Roman Souchtchenko avait été interpellé le 30 septembre 2016 à son arrivée à l’aéroport de Moscou, en provenance de Paris. Son arrestation avait été découverte quasiment par hasard, lorsqu’une délégation de défenseurs des droits de l’homme avait remarqué, dans une cellule de Lefortovo, la prison utilisée par le FSB, un nouveau venu placé à l’isolement. L’homme avait alors expliqué être un journaliste ukrainien, membre de l’agence de presse publique UkrInform depuis 2002, et son correspondant à Paris depuis 2010. Il se rendait à Moscou pour rendre visite à son cousin malade.

Depuis lors, Roman Souchtchenko était donc détenu à Lefortovo, avec comme visites régulières, uniquement celles du consul ukrainien. Les autorités russes n’ont dévoilé que des éléments très parcellaires de l’instruction : le FSB décrit Roman Souchtchenko comme « un employé du service de renseignement du ministère de la défense ukrainien », allant jusqu’à lui décerner le grade de « colonel ». « Le citoyen ukrainien collectait délibérément des informations secrètes sur l’activité des forces armées et de la garde nationale de la Fédération de Russie », avaient seulement indiqué les services de sécurité russes après son arrestation.

Dépêches rarement signées

En l’absence de détails, ce sont les médias russes qui se sont mués depuis 2016 en procureurs, évoquant son passé dans l’armée ukrainienne – un engagement de cinq ans, au début des années 1990, terminé avec le grade de lieutenant – ou notant que l’on trouve sur Internet bien peu d’articles du journaliste. Rien de surprenant à cela : comme celles, par exemple, de l’Agence France-Presse, les dépêches d’UkrInform sont rarement signées. Nombre de ses collègues français et ukrainiens l’ont déjà croisé sur le terrain, en France, et sa femme, Angela, a constitué un dossier bien fourni recensant ses publications. « Il écrivait presque tous les jours, assurait-elle au Monde en novembre 2017, et pas seulement sur les attentats ou la politique. Il couvrait aussi les expositions ou le sport. »

Manifestation pour obtenir la libération de Roman Souchtchenko, devant l’ambassade de Russie à Kiev, en octobre 2016. / Gleb Garanich / REUTERS

La détention de Roman Souchtchenko a suscité une émotion importante en Ukraine, de même que celle des autres « otages » ukrainiens, comme les qualifie Kiev. Une trentaine d’Ukrainiens détenus en Russie – résidents de ce pays arrêtés lors de leur passage, ou habitants de Crimée refusant l’annexion – sont considérés par Kiev comme des prisonniers politiques. Parmi eux, le cinéaste originaire de Crimée Oleg Sentsov, condamné à vingt ans de prison pour « préparation d’actes terroristes » et qui est en grève de la faim depuis le 14 mai. Quelques libérations, obtenues à l’occasion de grâces présidentielles ou après des échanges de prisonniers, ont lieu épisodiquement.
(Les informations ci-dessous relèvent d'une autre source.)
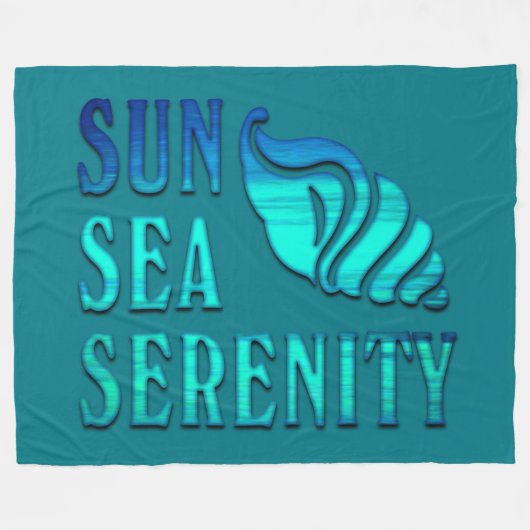 Sun Zee Serenity Tropical Seashell Beach Scene Fleece Deken (Voorkant (Horizontaal))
Les soutiens de Roman Souchtchenko espèrent désormais, eux aussi, un échange de prisonniers. « Cette affaire ne peut se conclure que par un échange, estime aussi l’avocat Mark Feïguine. Il y a des dizaines de prisonniers russes en Ukraine, des combattants capturés dans le Donbass, mais Moscou n’est pas intéressé par le fait de les récupérer. » Peut-être faut-il, dès lors, voir dans l’arrestation à Kiev, mi-mai, du chef du bureau ukrainien de l’agence de presse russe RIA Novosti, un lien avec l’affaire Souchtchenko. Kirill Vyshinsky a, depuis, été placé en détention et accusé de « haute trahison ».

Les amis de M. Souchtchenko espèrent aussi une implication plus poussée dans ce dossier de la France, où résidait M. Souchtchenko, et qui participe, aux côtés de l’Allemagne, de la Russie et de l’Ukraine, aux négociations de paix sur le conflit ukrainien.